Int J Food Microbiol. 2011 Jan 5;144(3):480-6. doi: 10.1016/j.ijfoodmicro.2010.11.004. Epub 2010 Nov 13.
The anti-yeast activities of four essential oils (EOs) from clary sage, juniper, lemon and marjoram against wild-type isolates of the food-related yeasts Geotrichum candidum, Pichia anomala, Saccharomyces cerevisiae and Schizosaccharomyces pombe in malt extract (ME) medium, apple juice and milk were investigated. Minimal inhibitory concentrations (MICs) for the EOs and their main components were determined and the checkerboard method was used to calculate fractional inhibitory concentration (FIC) indices for the combinations of EOs or components. The most sensitive yeast was S. pombe (MICs of 0.0625-0.125 μl/ml) while G. candidum proved to be the most insensitive (MICs of 0.5-2 μl/ml). In general, the lag phases were lengthened by increasing EO concentrations, while significant reduction of growth rates was obtained only at the highest EO concentrations. The anti-yeast effects of the EOs were good in the acidic pH range optimal for yeasts growth. Combinations of juniper and clary sage EOs resulted in additive effects in the case of S. cerevisiae and G. candidum, but all other combinations showed no interaction. The combination of α-pinene and limonene led to synergism, while the combination of α-pinene with linalool resulted in an additive effect.
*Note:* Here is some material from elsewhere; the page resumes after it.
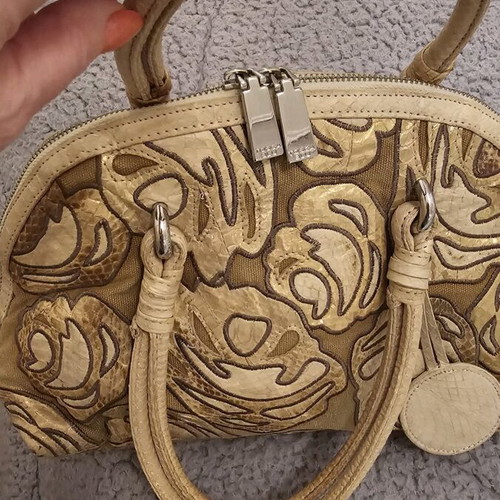 Tosca Blu handbag used, leather and fabric, beige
Cloudy apple juice protected the yeasts against the effect of lemon EO: the lag phases were shorter and the growth rates higher than in clear apple juice. Lemon EO decreased the growth rate of G. candidum in skimmed milk in a dose-independent manner. Our results show that by adding lemon EO to clear apple juice a new, harmonic taste can be achieved and open storage time could be prolonged.
四种精油(来自快乐鼠尾草、杜松、柠檬和马郁兰)对麦芽提取物(ME)培养基、苹果汁和牛奶中与食物相关的野生酵母近平滑念珠菌、异常汉逊酵母、酿酒酵母和裂殖酵母的抗酵母活性进行了研究。测定了精油及其主要成分的最小抑菌浓度(MIC),并使用棋盘法计算了精油或成分组合的部分抑菌浓度(FIC)指数。最敏感的酵母是 S. pombe(MIC 为 0.0625-0.125 μl/ml),而 G. candidum 则最不敏感(MIC 为 0.5-2 μl/ml)。一般来说,随着精油浓度的增加,滞后期延长,而只有在最高的精油浓度下才会显著降低生长速度。精油对酵母生长的最佳酸性 pH 范围内具有良好的抗酵母作用。在 S. cerevisiae 和 G. candidum 中,杜松和快乐鼠尾草精油的组合产生相加作用,但其他组合没有相互作用。α-蒎烯和柠檬烯的组合产生协同作用,而α-蒎烯与芳樟醇的组合则产生相加作用。混浊的苹果汁保护酵母免受柠檬精油的影响:与澄清的苹果汁相比,滞后期更短,生长速度更高。柠檬精油以剂量非依赖性的方式降低脱脂牛奶中 G. candidum 的生长速度。我们的研究结果表明,通过在澄清的苹果汁中添加柠檬精油,可以获得新的和谐口感,并延长开放储存时间。